Source : Guide juridique – Les ressources naturelles, les collectivités, leurs territoires, PACT Mali, en collaboration avec des partenaires. (3)

ACCAPAREMENT DES TERRES

Au Mali, les terres sont bradées par l’Etat : elles figurent sur les cartes géographiques spécialement destinées aux investisseurs et établies à partir de données satellitaires. Or ces espaces arables sont occupés par des familles de paysan-ne-s depuis des générations, qui les ont préservés à travers une gestion collective, empreinte de sagesse et des pratiques agricoles respectueuses de l’environnement et des territoires.
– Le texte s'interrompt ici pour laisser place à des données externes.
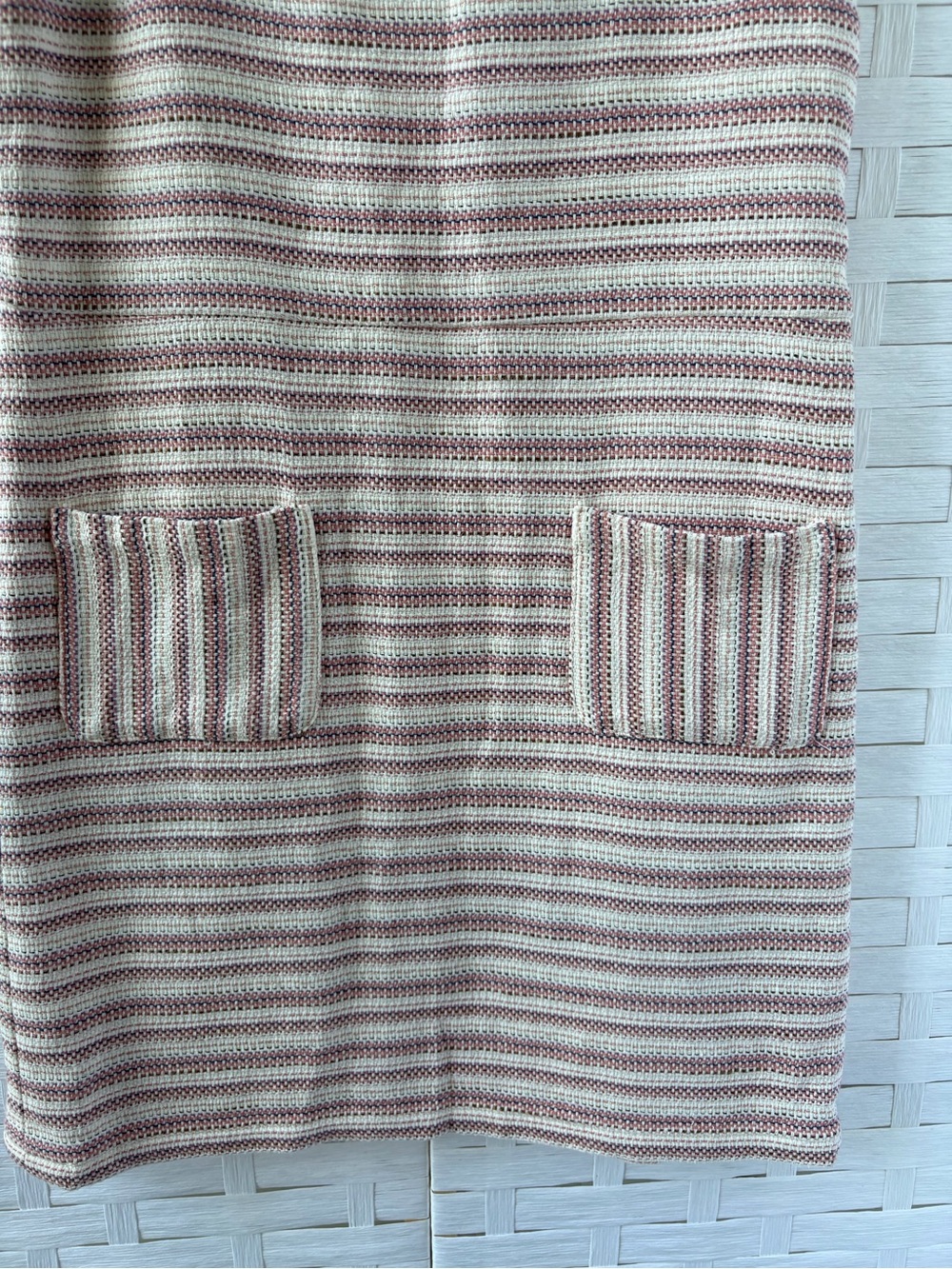Loft Size 14 Sleeveless Square Neck Textured Stripe Sheath Dress Office Pockets - Picture 5 of 11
Le postulat étatique d’appartenance (du terrain) a facilité les accaparements de terres qui se sont multipliés ces dernières années. L’Etat déguerpit sans respecter aucune disposition réglementaire, et encore moins les conventions internationales ni aucun droits humains. Que ce soit en zone urbaine, péri-urbaine ou rurale, les habitant-e-s se retrouvent spolié-e-s de leurs terres et de leurs logements au nom de l’urbanisation, des réaménagements de quartiers, des projets agro-industriels, et ce le plus souvent manu militari.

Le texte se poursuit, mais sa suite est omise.